Ethiopians can run.
This is something that's essentially become common knowledge to any fan of marathon racing, but it was once again proven on Sunday during the L.A. Marathon.
Amane Gobena of Ethiopia was the resounding winner in the women's race and narrowly beat out fellow countryman Gebo Burka in the gender challenge thanks to the 17-minute, 41-second head start given to the women, according to Gary Klein of the Los Angeles Times.
Winning the gender challenge assured her a prize of $50,000 on top of the $25,000 she won for claiming the women's race.
As for what she's planning to do with her earnings, Gobena made her intentions very clear through a translator, per Klein:
"I'm building a house," Gobena said, "and definitely that house will be paid off."
The win was a monumental one for Ethiopia, but it certainly wasn't the first time that the country has swept the podium. Over the nearly three decades that the race has been held, Ethiopia has taken both top prizes twice, with the other time being in 2011.

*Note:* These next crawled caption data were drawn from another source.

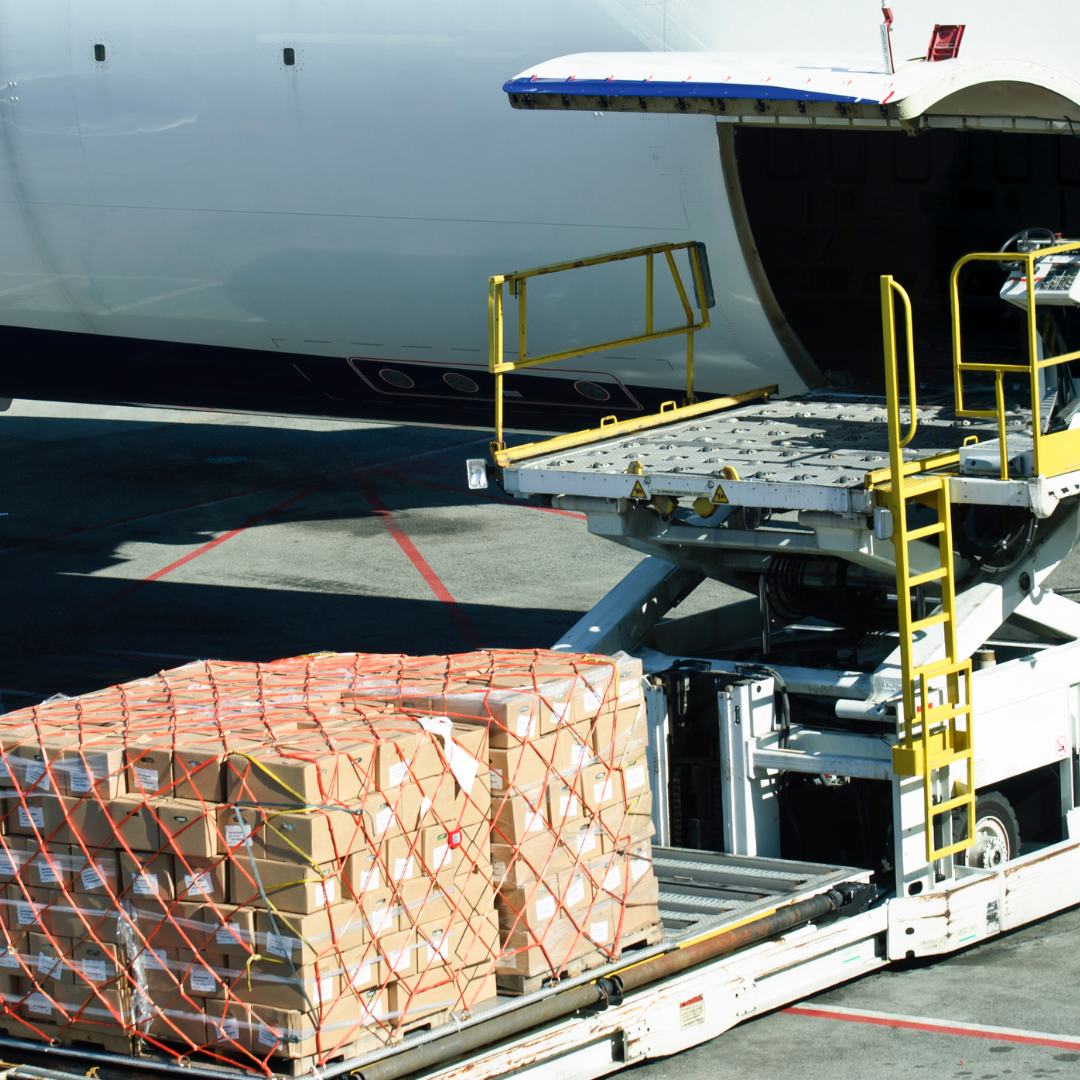Cargo boxes strapped on a conveyor cart next to a cargo plane at the gate, with a yellow lift platform and open aircraft cargo door visible.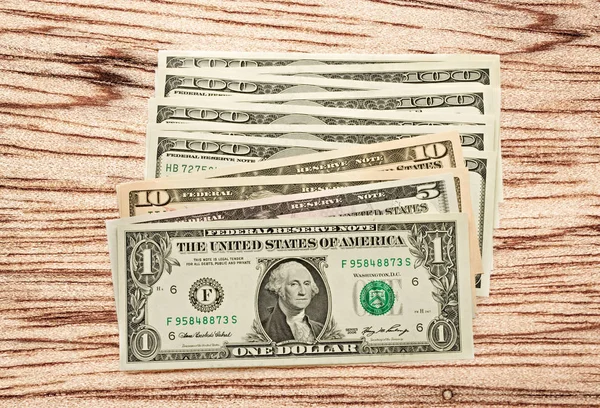 Billetes de dólar sobre fondo de madera —  Fotos de Stock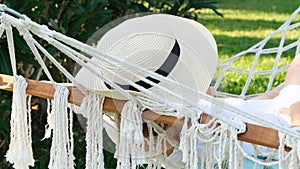 female in a straw hat is resting in a hammock around the palm trees and enjoying the tranquility and relaxation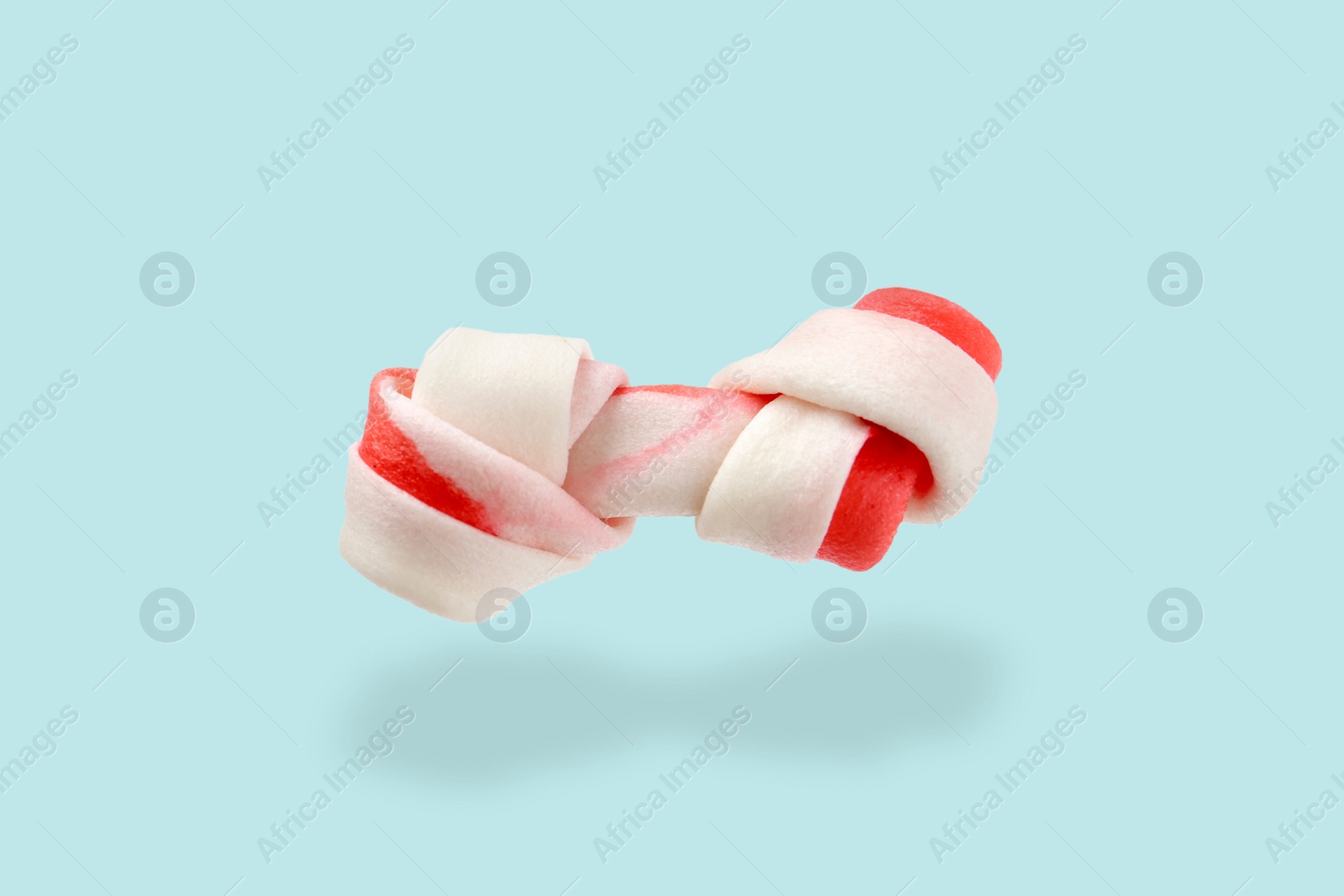 Image of Bone dog treat in air on light blue background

Here is a look at the results from the men's and women's races after the marathon concluded on Sunday afternoon:
Gobena was the star, but Burka came away with $25,000 of his own in a race that lasted 26.2 miles.
In fact, the two racers were closer than many might have known heading into the marathon. Keith Lair of the Los Angeles Newspaper Group reports that the two are related:
The L.A. Marathon winners are related. Gebo Burka's wife is married to Amane Gobena's brother #LAMarathon— Keith Lair (@KeithLLair) March 9, 2014
While Burka took the top prize, he wasn't the only star on the men's side. Kenyan Lani Rutto finished second with a time of 2:10:48, becoming the only other racer this year to come in at under 2:11.
While defending champion Erick Mose finished with a time of 2:12:56, he had to settle for a third-place finish. The Kenyan finished well short of his own personal best of 2:09:44 from last season.
Mose's agent Derek Froude told Klein that his client had much higher expectations heading into the marathon:
He's relatively young and clearly on an improving curve. I could see him running 2:06 or 2:07 for the marathon. If he does that, he will move substantially up in the Kenyan rankings and make a good living for himself. At that point he would be ready to contend in any marathon in the world. He wouldn't be the fastest, but he would be within a couple minutes, which means on any given day anything can happen.
Following the race, Mose spoke about his performance, as noted by Lee Barnathan of The Associated Press (h/t Houston Chronicle):
"I was good but I had a big problem reaching 15 miles," Mose said. "I had a big problem with my back running downhill. A lot of pain, so I lost my pace with the other guys."
With this year's marathon coming to an end, Mose could yet again be a contender to watch in the 2015 race, which will be the 30th annual running.
Along with Mose, Gobena will have another shot to prove that she's a consistent force in the sport. After finishing in second in 2009 and winning this year's competition, the Ethiopian has a chance to start paying off another house.
But with a year leading up to the next L.A. Marathon, more contenders will certainly emerge over that time to challenge the Ethiopians for their crown.